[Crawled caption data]
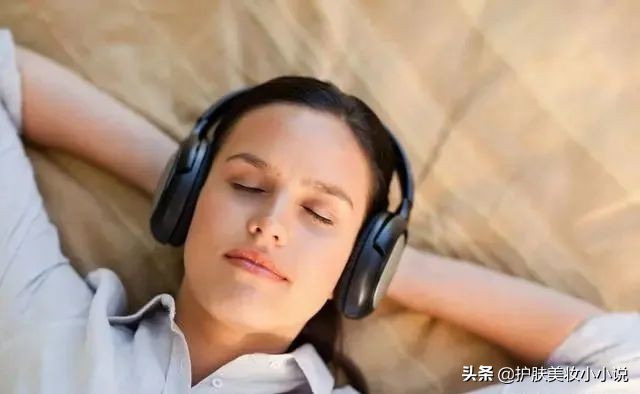 用什么护肤品能让黑眼圈快速消除,消除黑眼圈怎么护肤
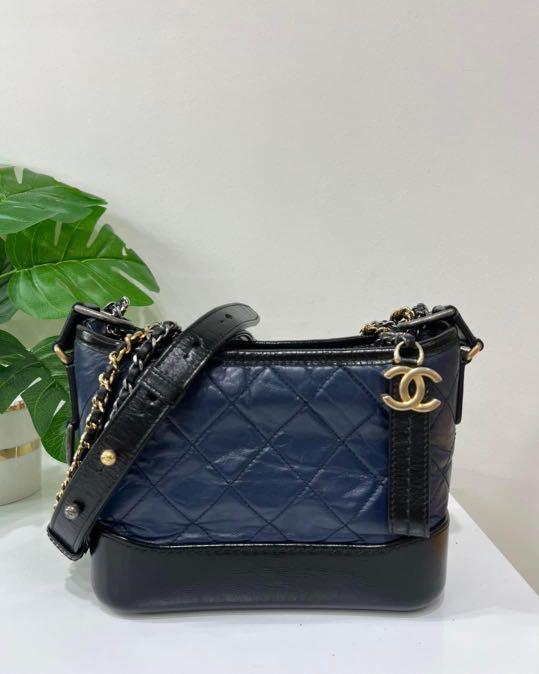 Chanel gabrielle navy best sale black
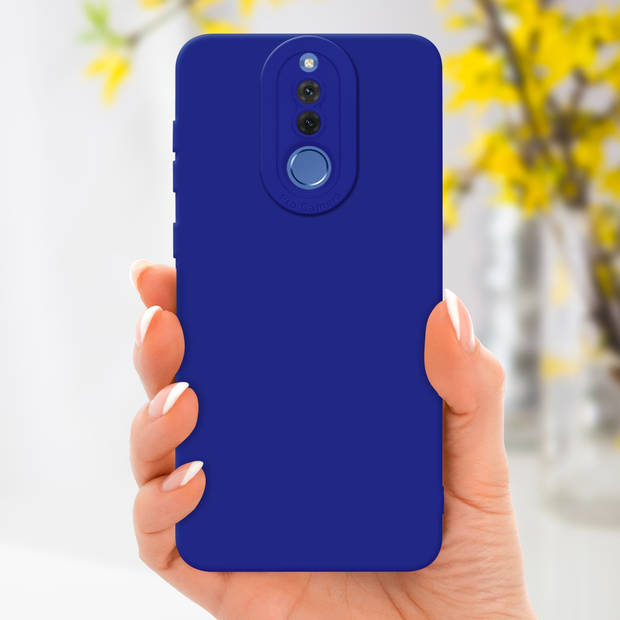 Cadorabo Hoesje geschikt voor Huawei MATE 10 LITE in FLUID BLAUW - Beschermhoes TPU silicone Cover Case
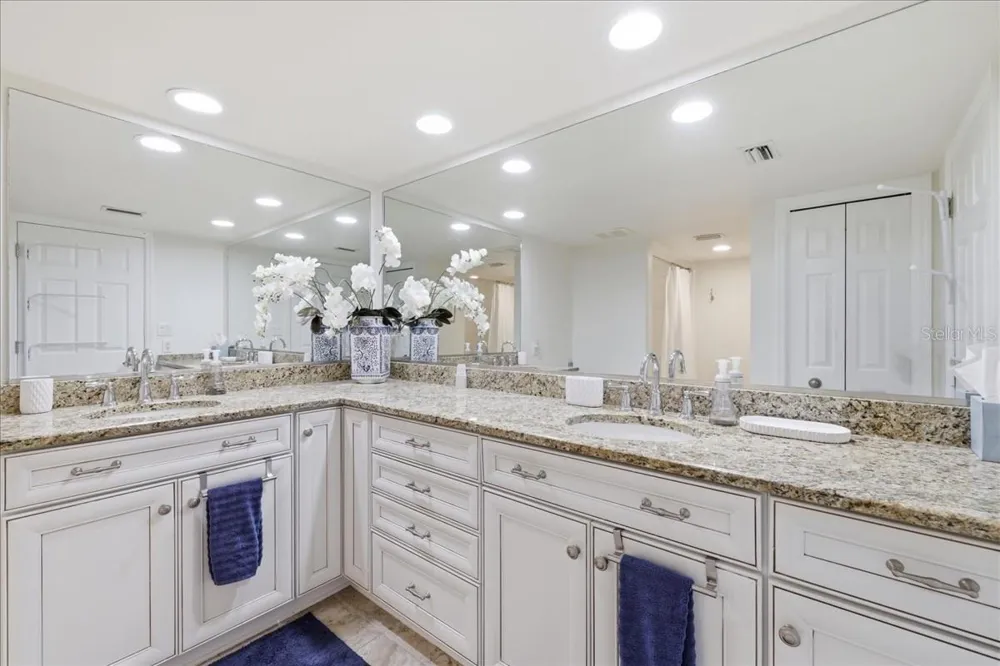 601 SHREVE STREET #32B Punta Gorda, FL 33950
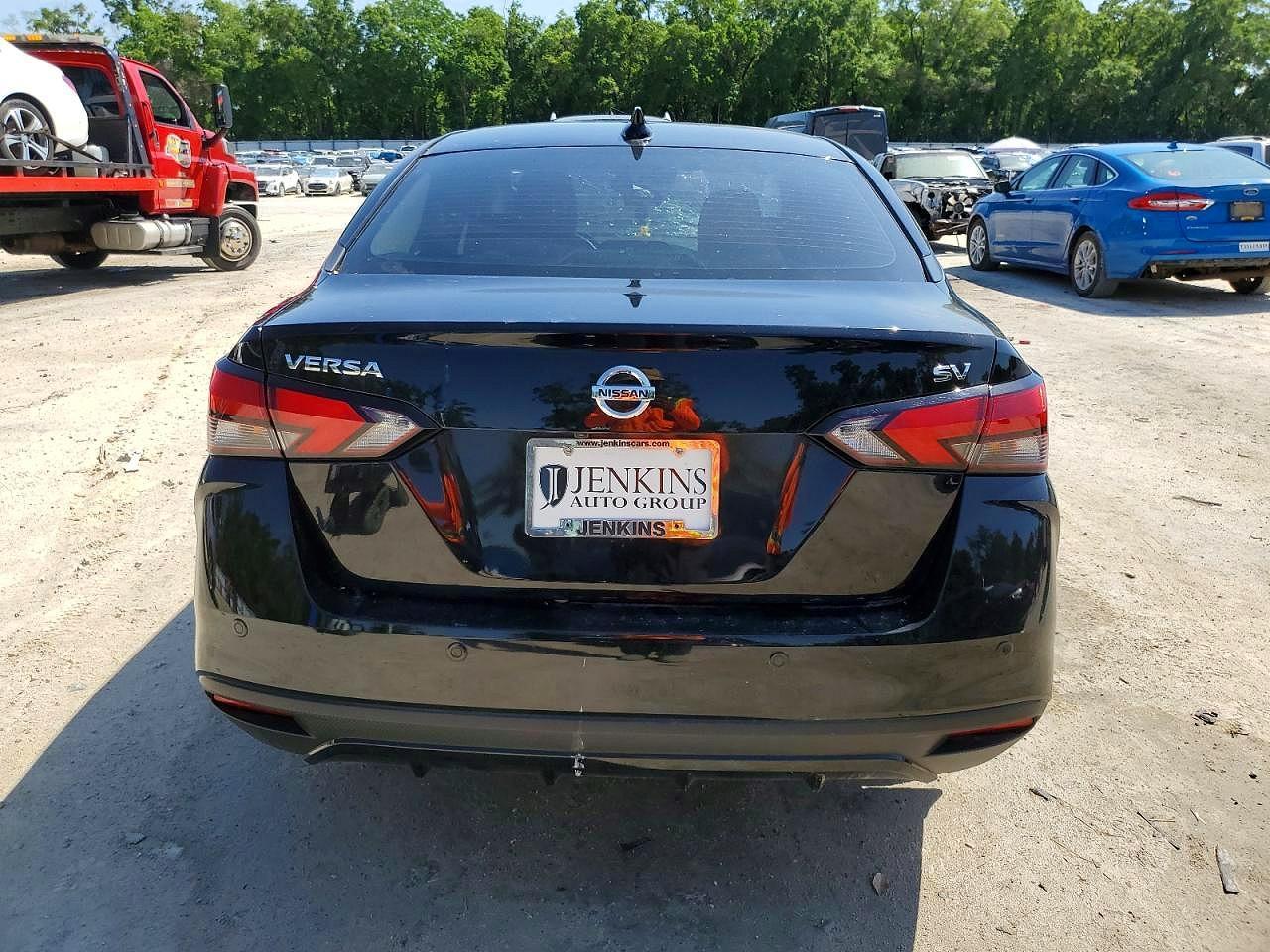 2022 Nissan Versa Sv - Image 6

§ Activity: Each entry above should be given again exactly, with its pictures omitted.

§ Answer space:
 用什么护肤品能让黑眼圈快速消除,消除黑眼圈怎么护肤
 Chanel gabrielle navy best sale black
 Cadorabo Hoesje geschikt voor Huawei MATE 10 LITE in FLUID BLAUW - Beschermhoes TPU silicone Cover Case
 601 SHREVE STREET #32B Punta Gorda, FL 33950
 2022 Nissan Versa Sv - Image 6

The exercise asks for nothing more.